Almanların 2. Dünya Savaşı’ndaki askeri hataları

- Blog Yazısı
2. Dünya Savaşı “mihver” devletlerin yenilgisi ile sonuçlandı. Bu yenilginin İtalya ve Japonya müttefiklerini bu yazıda konu almayacağım , asıl konumu Alman devletinin bu savaşı kaybetmesindeki askeri sebepler olacak. Öncelikle o dönemki Alman askeri mühendisliğini üç kategoride incelemek gerek , bu kategoriler hava , kara ve denizdir. Öncelikle o dönemki Alman askeri mühendisliği zaten müttefiki olduğu devletlerle karşılaştırıldığında gayet üstün geliyordu.

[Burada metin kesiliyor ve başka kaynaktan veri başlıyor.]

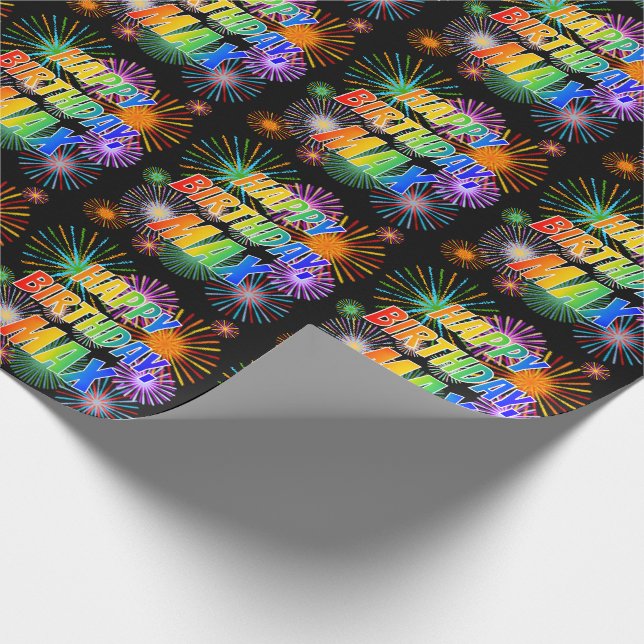 Papel De Presente Primeiro nome "MAX", Diversão "FELIZ ANIVERSÁRIO (Ponta)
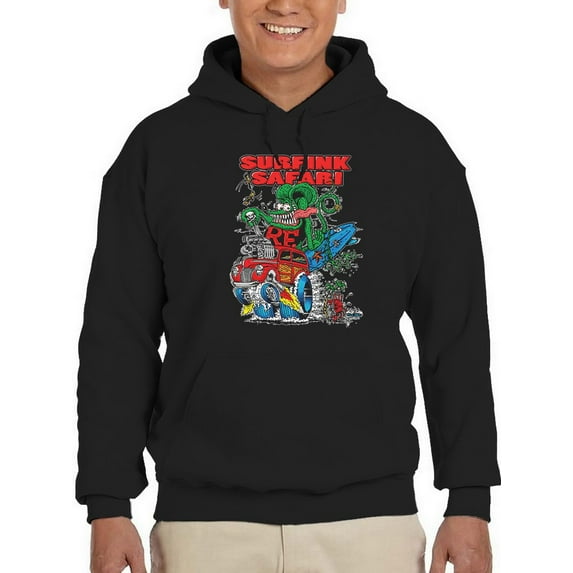 Rat Fink Surfink Safari Hoodie Men -T-Line Designs, Male x-Large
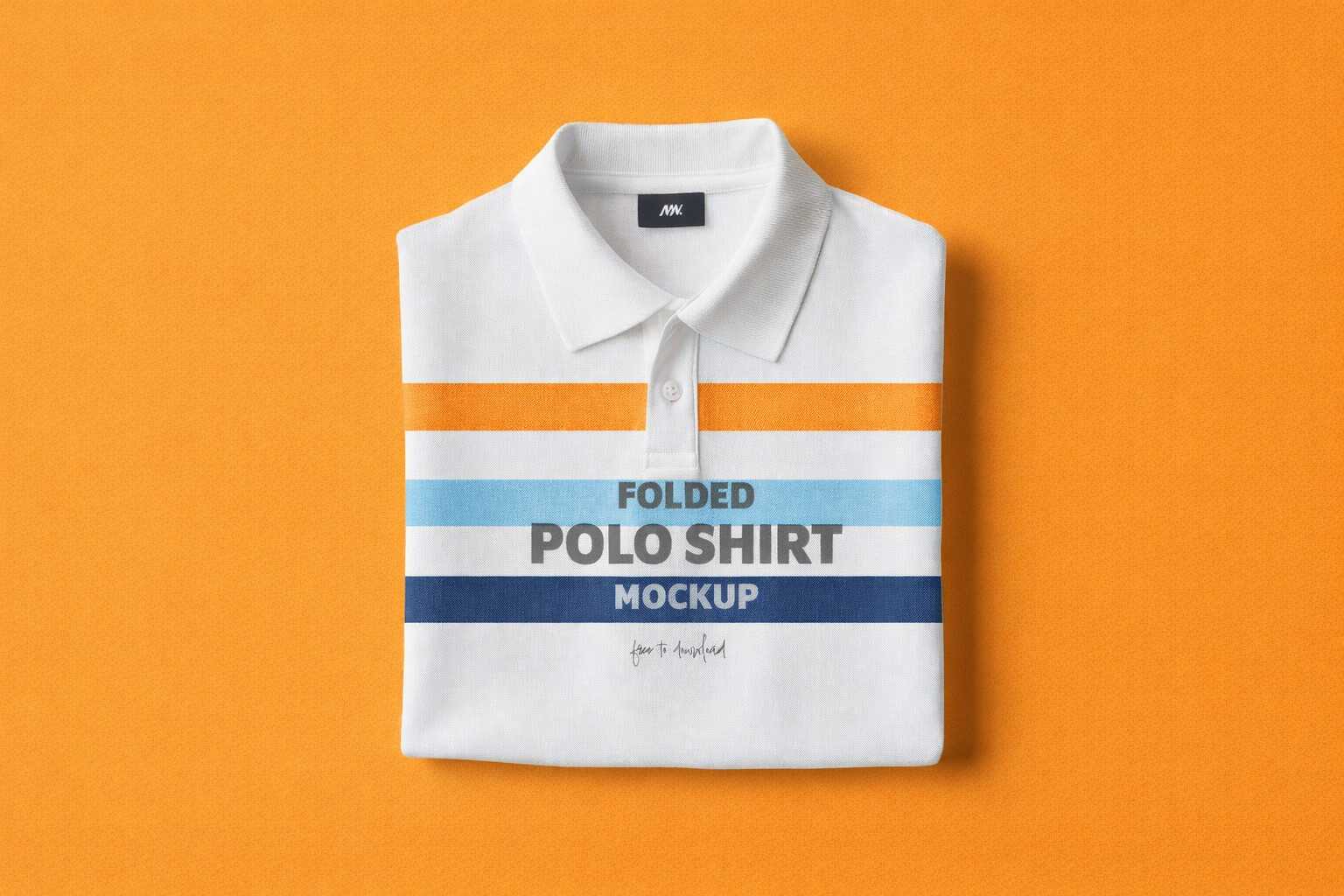 Free Folded Polo Shirt Mockup PSD – Realistic Apparel Branding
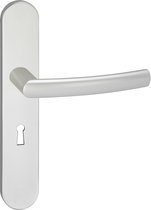 Impresso Burton Deurklink – Deurbeslag – Ovaal – Deurschild met Sleutelgat – Zilver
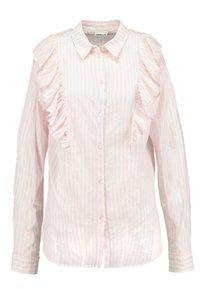 Camicia button-up rosa chiaro con strisce verticali bianche, con dettagli arricciati lungo la parte anteriore. Realizzata in un materiale leggero e morbido.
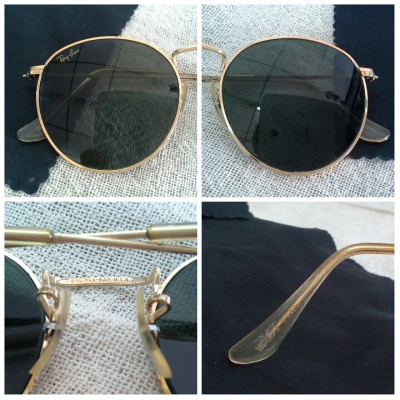 แว่นตาวินเทจราวน์เมทัลตัวบิดา B&amp;L RAY-BAN ROUND METAL GOLD W0603 VVAS 1980s USA รุ่นหายาก!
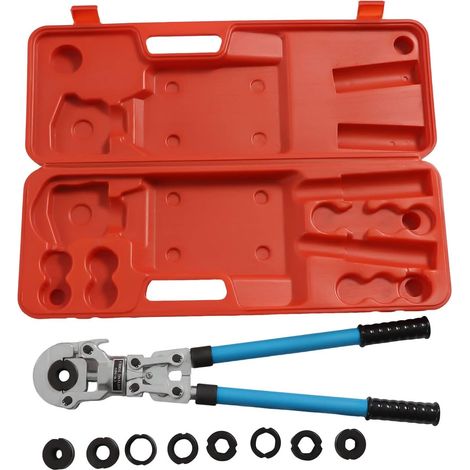Pinza a pressa, tubo di rame, profilo a V, 12-15-18-22-28 mm e profilo TH 16-20-26-32, pinza crimpatrice, pinza a pressa, tubo composito con testa girevole a 360° e impugnatura ergonomica in gomma per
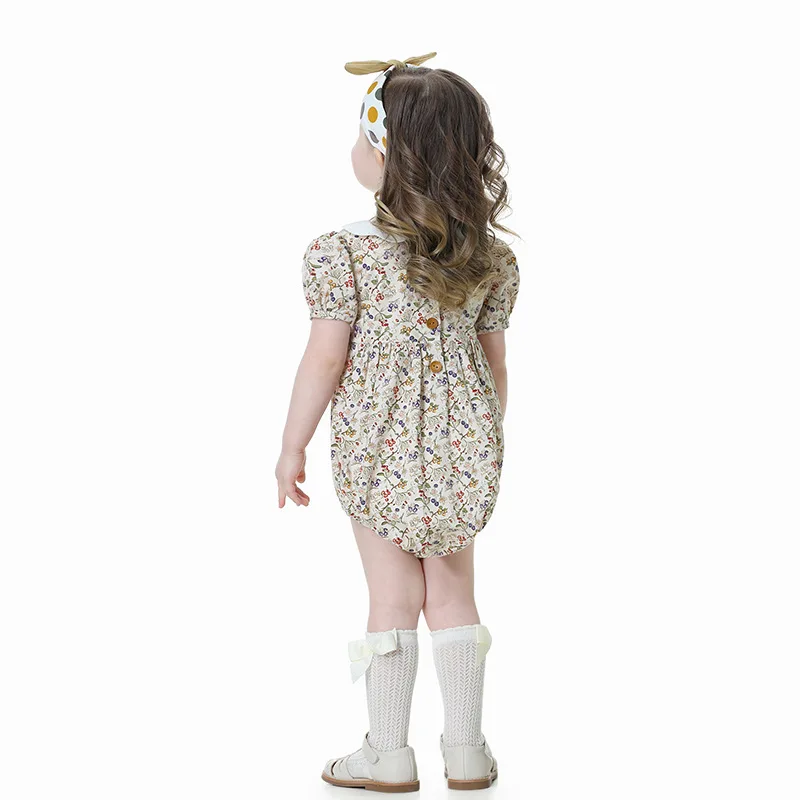 Baby toddler girl smocked romper 2024 summer kids infant girls elegant cotton smock floral jumpsuit rompers children bodysuit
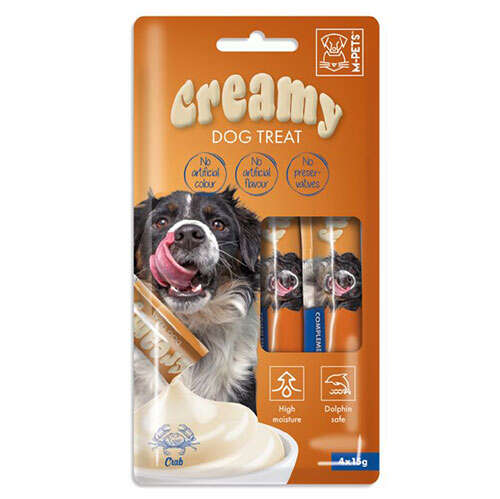 M-Pets Creamy Yengeçli Ek Besin ve Köpek Ödülü 4x15 Gr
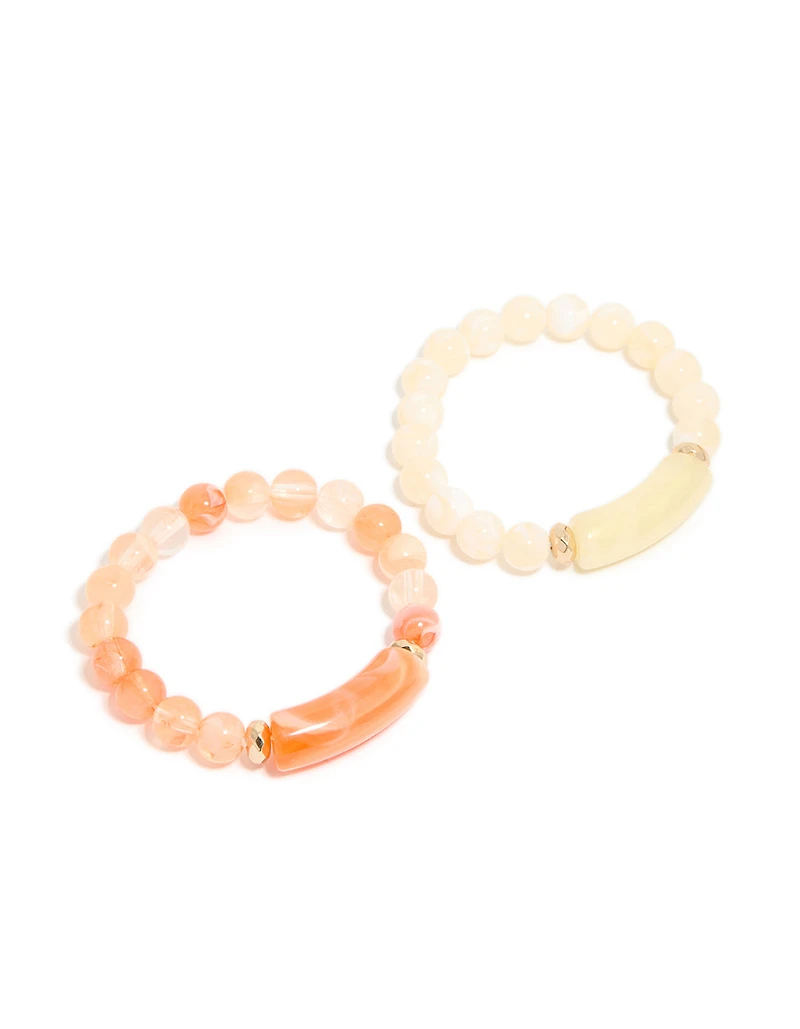 Pink & Cream Beaded Stretch Bracelets  2-Pack
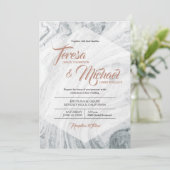 大理石結婚式招待状、ロフェイクゼゴルド、ポリゴン 招待状 (スタンド正面)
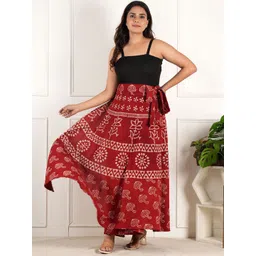 Style Shoes Block Printed Cotton Wrap Around Maxi Skirt-picture-38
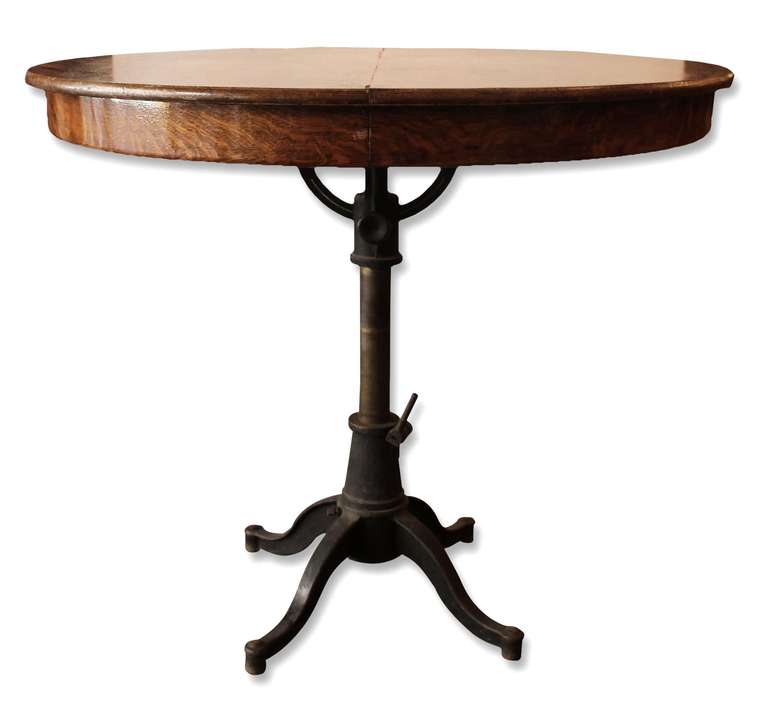 American Extra Tall Quartersawn Round Oak Table on an Industrial Adjustable Base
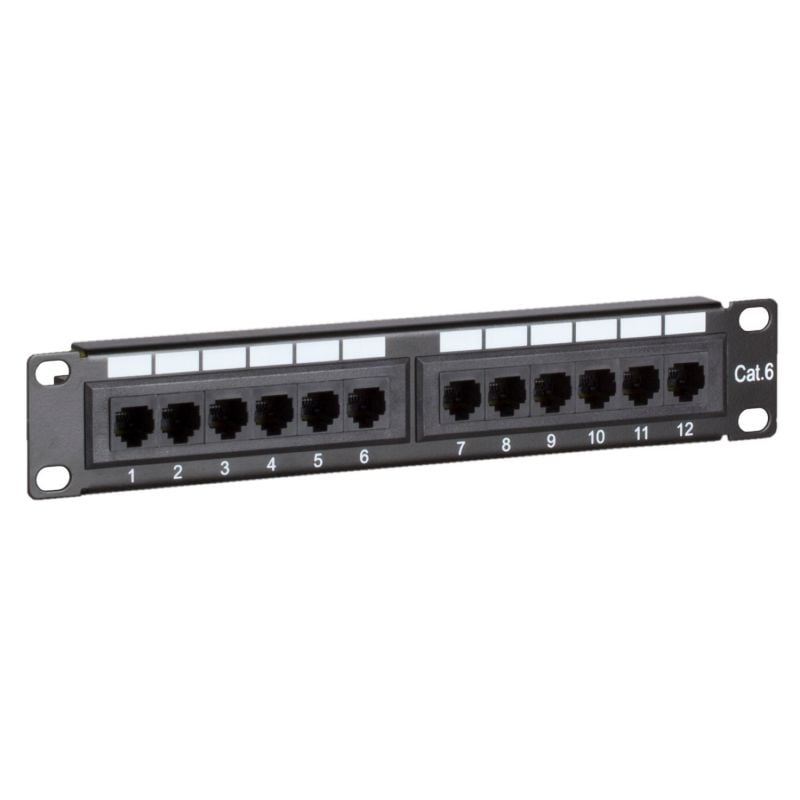 10 inch CAT6 UTP patchpaneel - 12 poorts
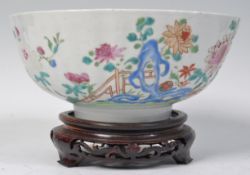 18TH CENTURY CHINESE PORCELAIN BOWL ON WOODEN STAND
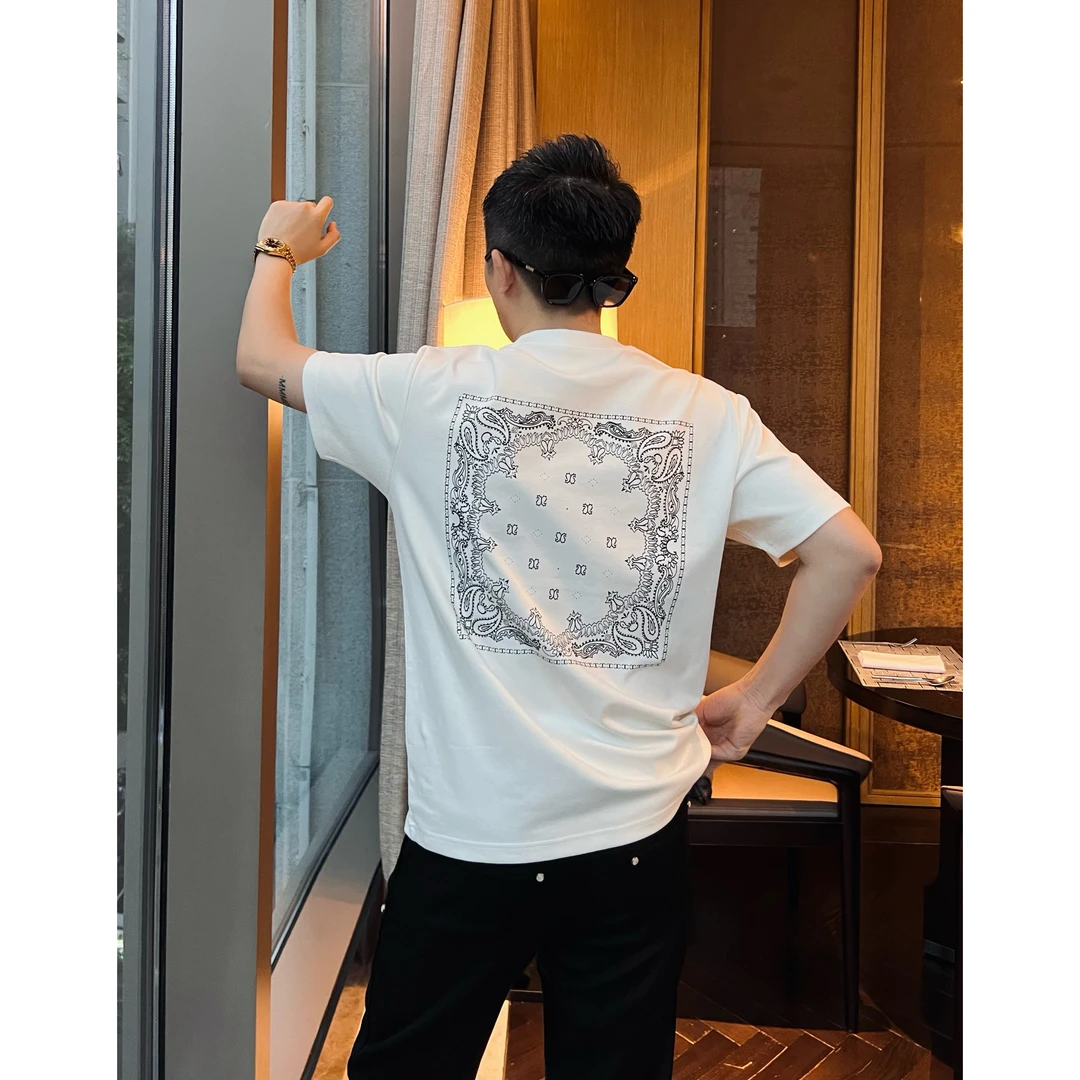 【腰果花短袖】25春夏液氨棉立体厚版印后背男士短袖T恤印花半袖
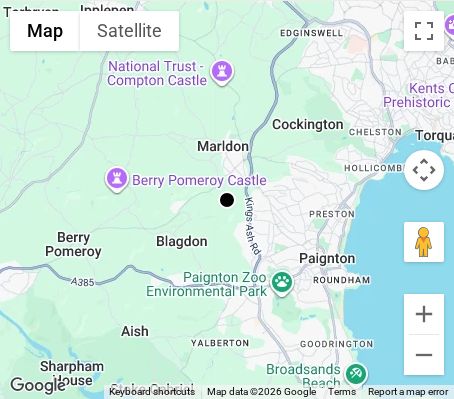 Map of affordable wedding photographer coverage in Paignton, Devon, South West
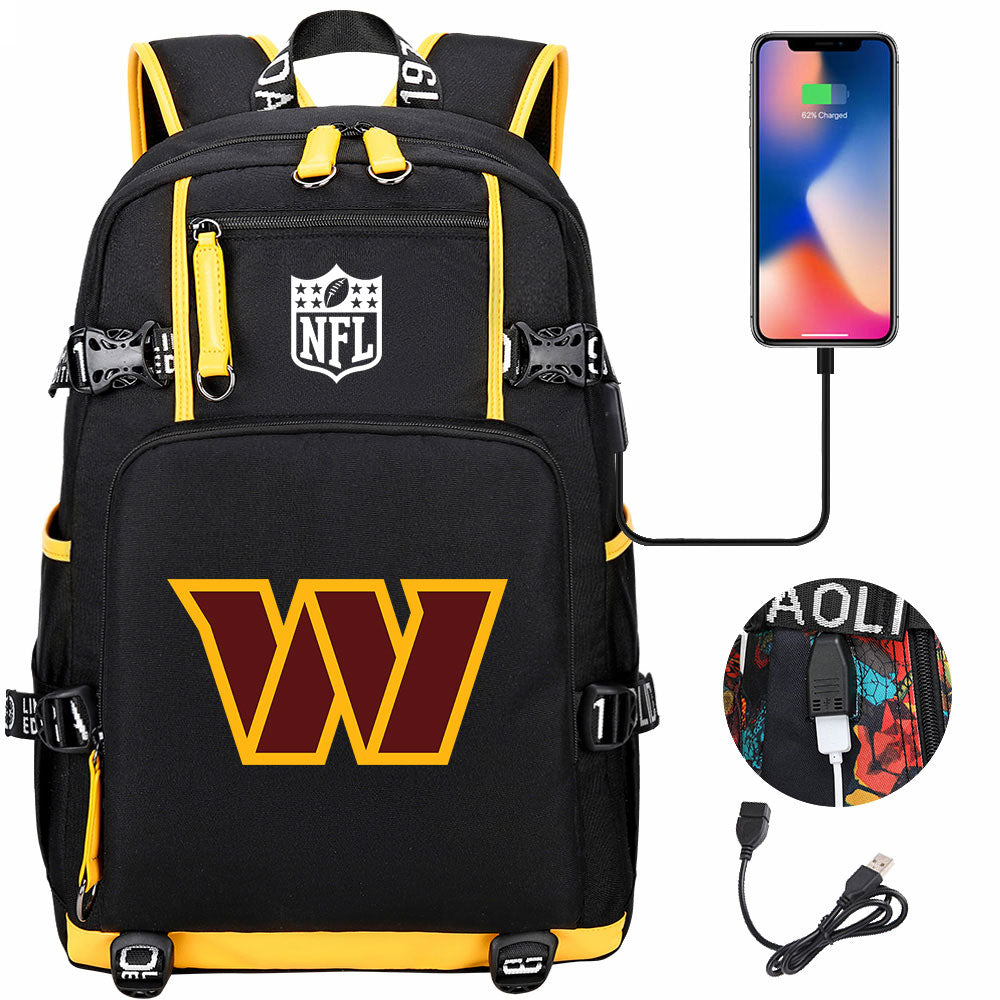 Washington Commanders Football Team USB Charging Backpack School Notebook Travel Bags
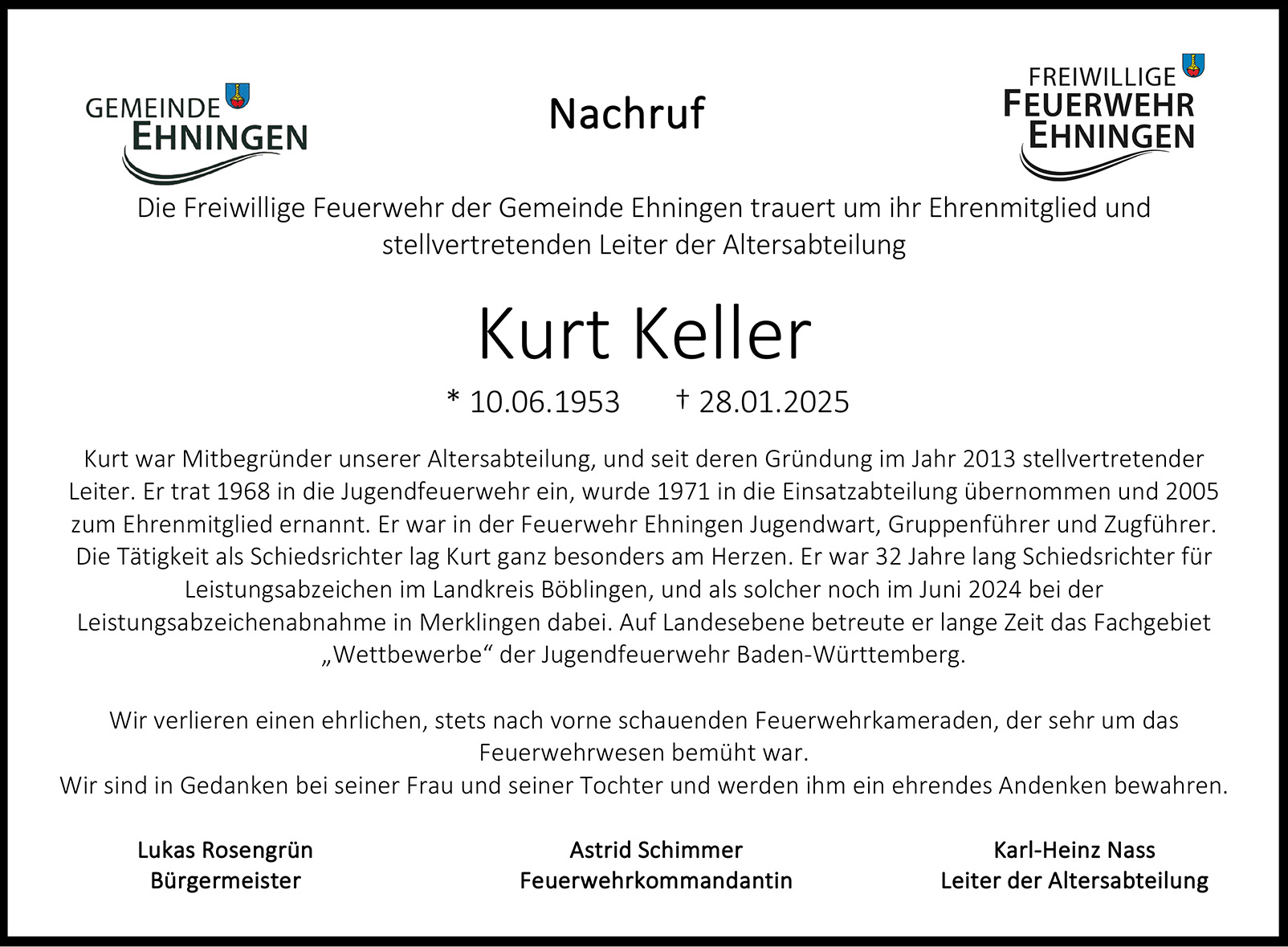 20250128 Traueranzeige Kurt Keller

Ancak Alman devletinin yaptığı bazı küçük ama sonradan anlaşılacağı üzere pahalıya patlayacak ve savaşı kaybetmelerinin en önemli sebebi olan askeri hatalar doğuracaktı. Konuyu Alman askeri mühendisliği ile başlayarak inceleyecek ve sizlere aktaracağım , yukarıda bahsettiğim kategoriler (hava , kara ve deniz) ile ilerlemeye adım adım başlayalım.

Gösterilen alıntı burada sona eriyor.